──────── SUPPLIED RECORDS
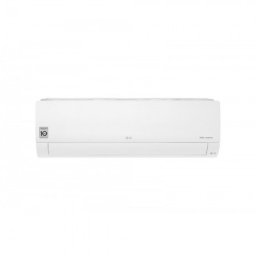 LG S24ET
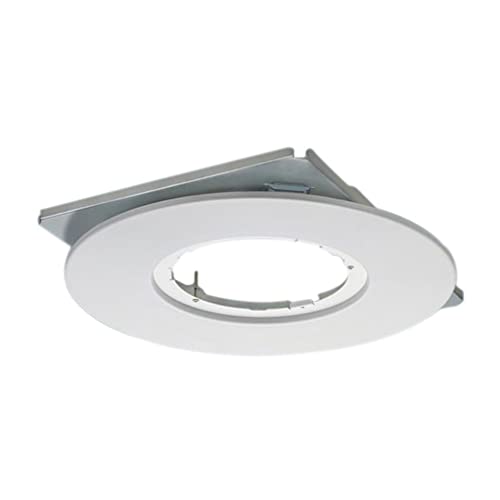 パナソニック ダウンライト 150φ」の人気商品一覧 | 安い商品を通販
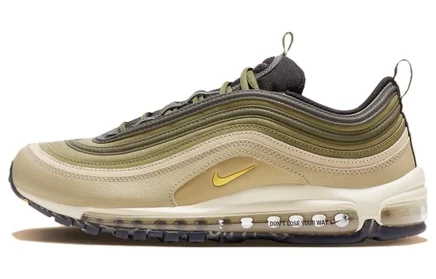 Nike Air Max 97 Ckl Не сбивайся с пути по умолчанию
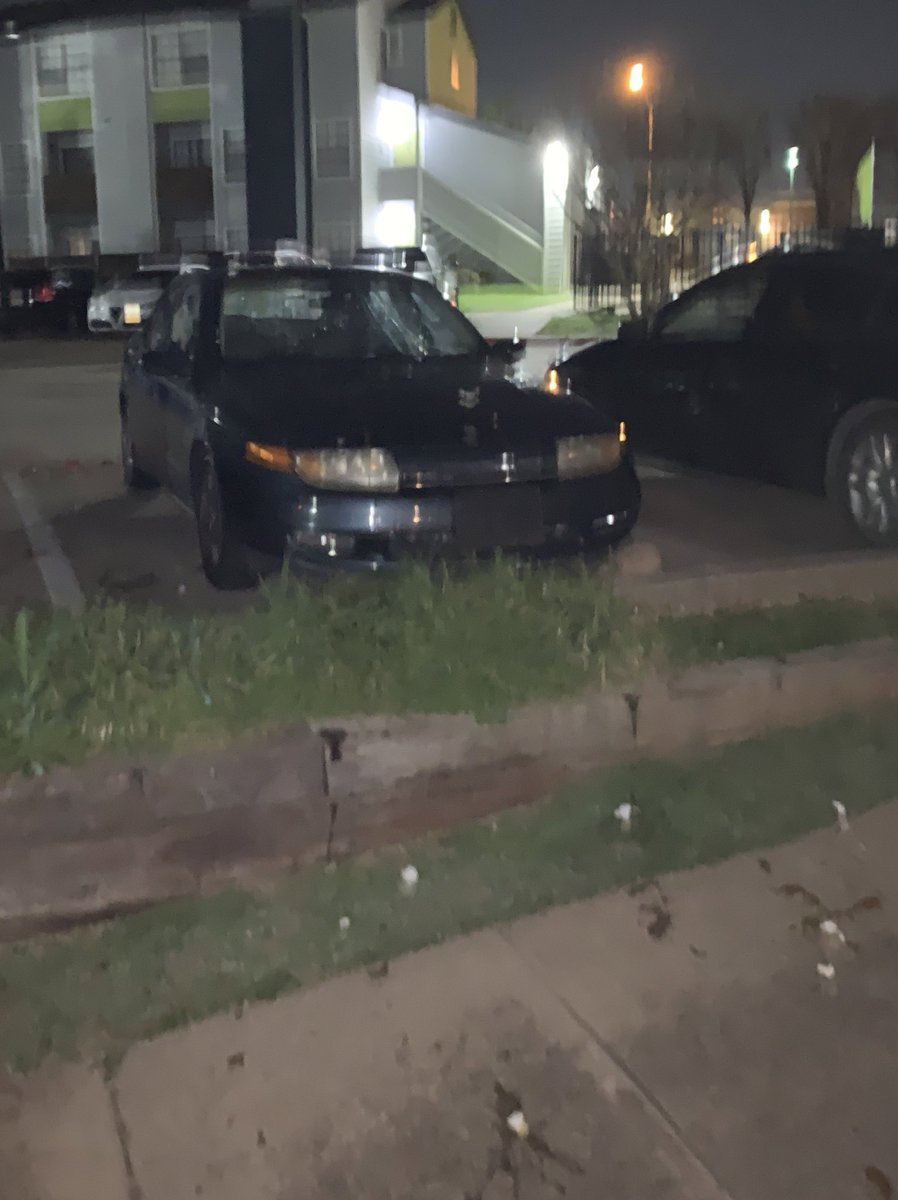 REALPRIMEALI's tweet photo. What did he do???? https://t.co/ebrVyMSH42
────────────────
──────── SUPPLIED RECORDS
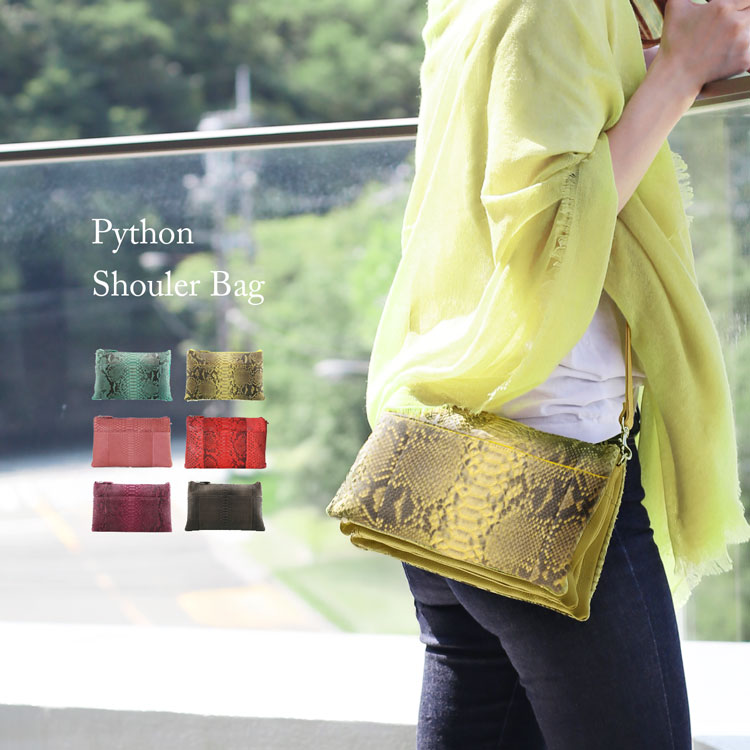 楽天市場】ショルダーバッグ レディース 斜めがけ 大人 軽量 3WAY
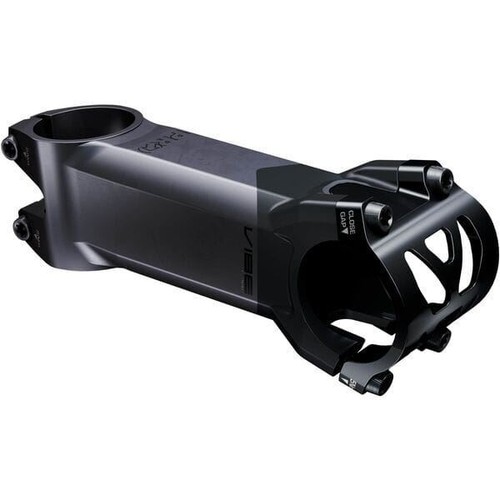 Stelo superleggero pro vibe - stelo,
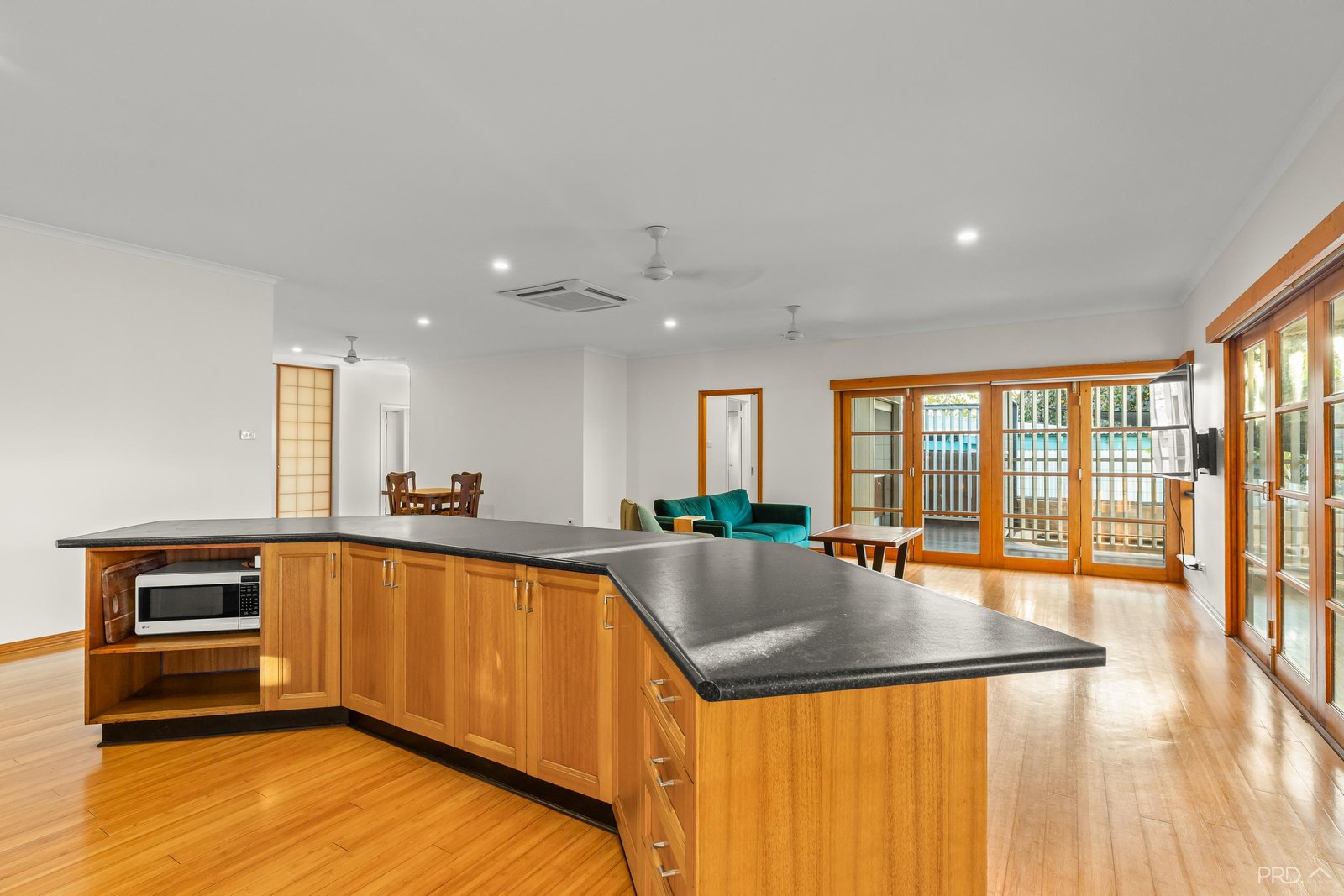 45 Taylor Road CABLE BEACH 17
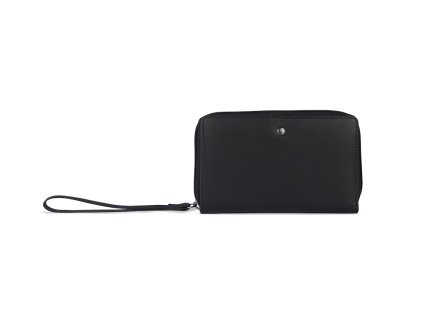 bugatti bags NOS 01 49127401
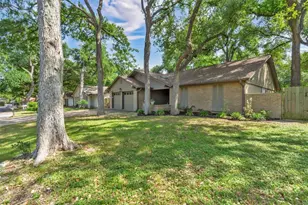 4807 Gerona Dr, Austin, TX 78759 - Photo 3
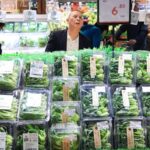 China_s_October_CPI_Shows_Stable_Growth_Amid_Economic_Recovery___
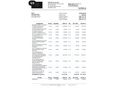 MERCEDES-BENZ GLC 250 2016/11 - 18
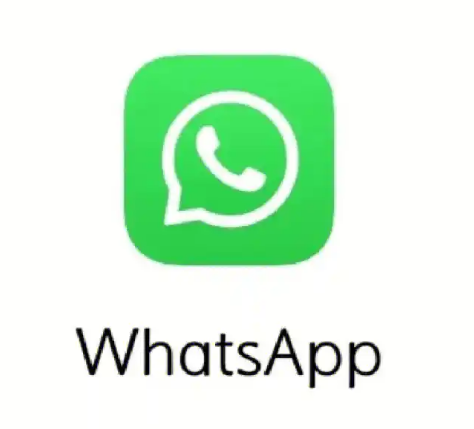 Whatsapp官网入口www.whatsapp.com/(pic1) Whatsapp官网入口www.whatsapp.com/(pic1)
────────────────
──────── SUPPLIED RECORDS
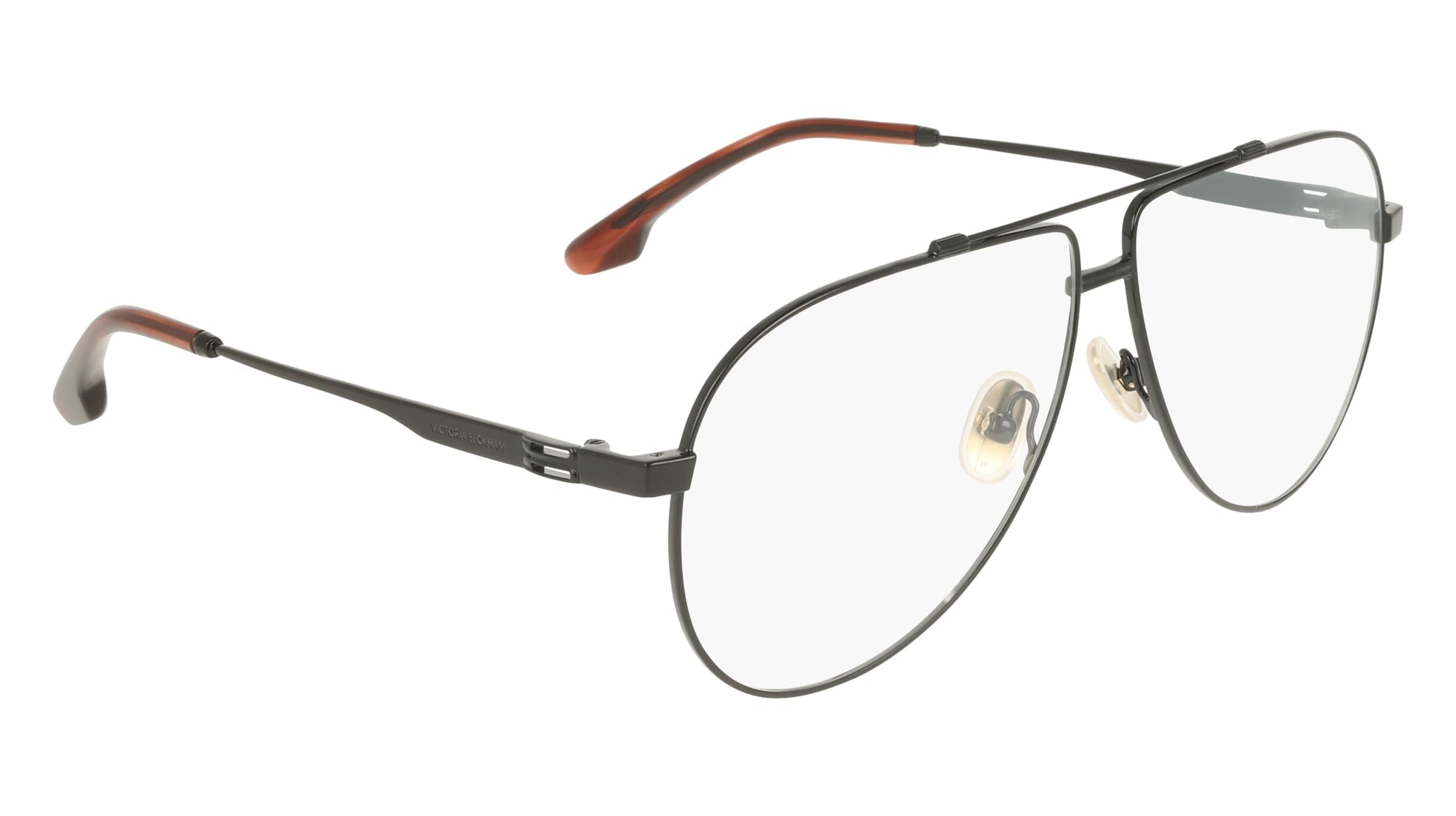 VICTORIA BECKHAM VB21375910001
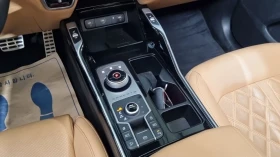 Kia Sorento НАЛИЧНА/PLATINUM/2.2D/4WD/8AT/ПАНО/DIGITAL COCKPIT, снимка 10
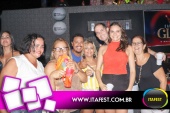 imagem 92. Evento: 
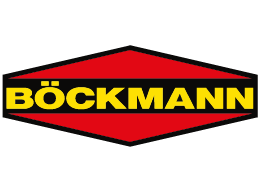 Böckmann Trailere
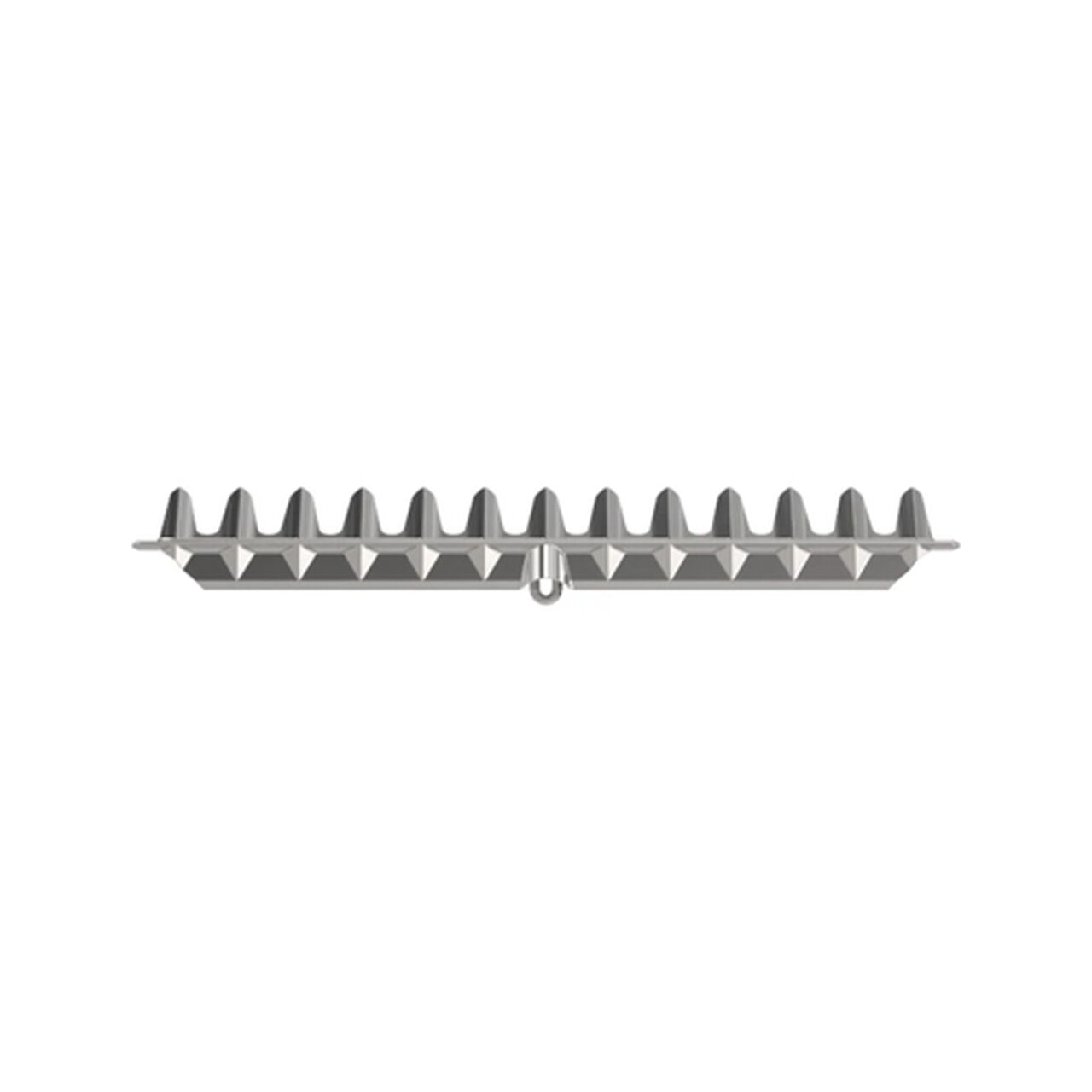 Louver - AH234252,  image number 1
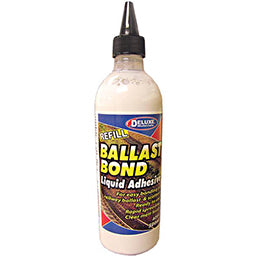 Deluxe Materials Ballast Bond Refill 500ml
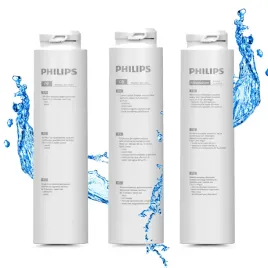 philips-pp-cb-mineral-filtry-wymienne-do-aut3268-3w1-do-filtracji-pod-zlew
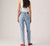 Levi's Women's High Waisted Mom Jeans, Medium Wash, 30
────────────────
* **TASK OBJECTIVE**
In the listing above, find the line with "Böckmann Trailere" and the line with "Levi's Women's High". Copy both of them and every line between, exactly, but not the pictures.

* **SOLUTION TO THE EXERCISE**
 Böckmann Trailere
 Louver - AH234252,  image number 1
 Deluxe Materials Ballast Bond Refill 500ml
 philips-pp-cb-mineral-filtry-wymienne-do-aut3268-3w1-do-filtracji-pod-zlew
 Levi's Women's High Waisted Mom Jeans, Medium Wash, 30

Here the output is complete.